Thursday, January 3, 2019

CLASS OF ’74 (1972) ** ½


The plot of Class of ’74 is simple:  Three free-spirited, uninhibited, sexually liberated college girls take a virginal friend under their wing and show her the various ways to make sweet love.  What’s refreshing about it is how progressive it is.  There’s no slut-shaming here.  The characters champion each other’s sexual conquests as long as they’re happy and having fun with what (and who) they’re doing.  (Of course, if they didn’t, the movie would’ve been a heck of a lot shorter.)  

The positive reinforcement of advocating for a healthy and active sex life is done in a fun and freewheeling way and there’s no heavy moralizing to drag things down.  It’s especially progressive when it comes to portraying its gay characters.  (There’s a scene involving a man being seduced in a locker room by his gym teacher.)  Although there’s nothing explicit, it probably came as a shock to the (straight male) audience at the time of release.

Even though its attitude towards sex is progressive, the film itself is dated as all get out, but in a good way.  There are a lot of romantic interludes and montages (including one in which a character imagines herself as Eve in the garden of Eden) that almost look like something out of a ‘70s television commercial.  The gaudy fashions and outdated slang (“Let it all hang out!”) is good for a laugh too.

Just when the film builds up momentum, it dovetails into overlong flashbacks that mostly act as padding.  Some of these side trips work (like a jaunt down the Sunset Strip) while others flounder.
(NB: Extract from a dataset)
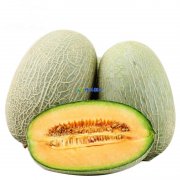 哈密瓜在保鮮庫可以儲存多久，儲存溫度是多少？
The escapades become increasingly inconsistent as the film goes on too.  The problem is many end abruptly and/or just when they begin to gain some traction (like when Barbara Caron becomes acquainted with a rich married couple), which is frustrating.
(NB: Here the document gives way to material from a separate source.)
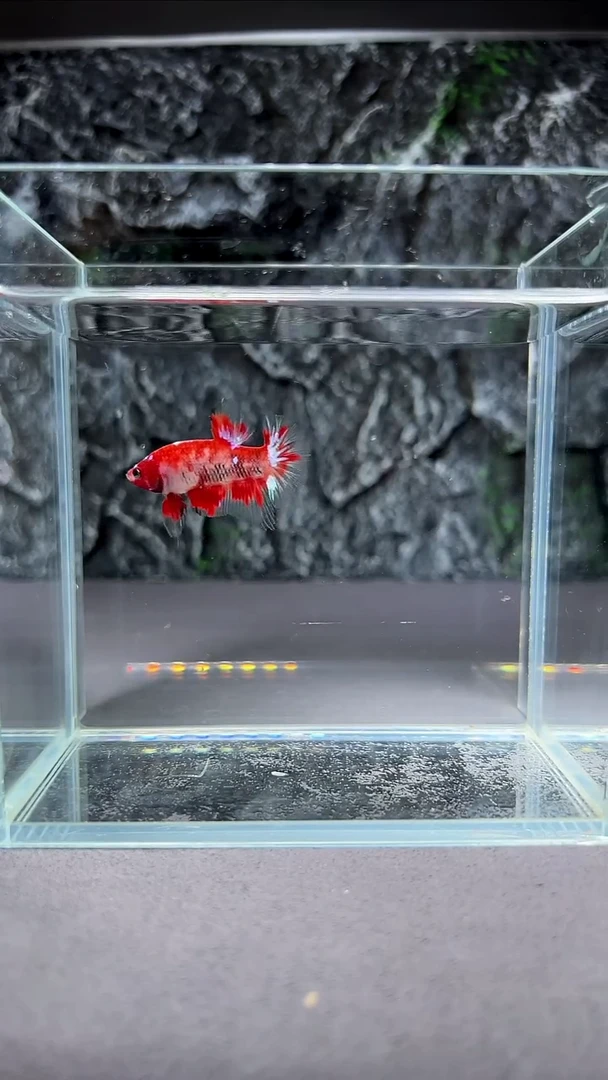 斗鱼竞拍链接A119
I initially chalked up Class of ‘74’s choppy, sloppy narrative to the time period.  (After all, 1972 is the year when the ‘60s REALLY ended.)  As it turns out, it has more to do with how it was cobbled together.  Director Arthur (J.D.’s Revenge) Marks took a hippie skin flick called Gabriella, Gabriella and added new footage to release it on a double bill with his picture The Roommates featuring that film’s stars Marki Bey and Pat Woodell playing the same characters.  He also added additional scenes of Caron in there too, so in effect, it’s a sequel to BOTH films while still being heavily padded with old footage from Gabriella Gabriella.  Confused?  If anything, you have to give Marks credit.  He was doing the whole “shared universe” thing long before Marvel.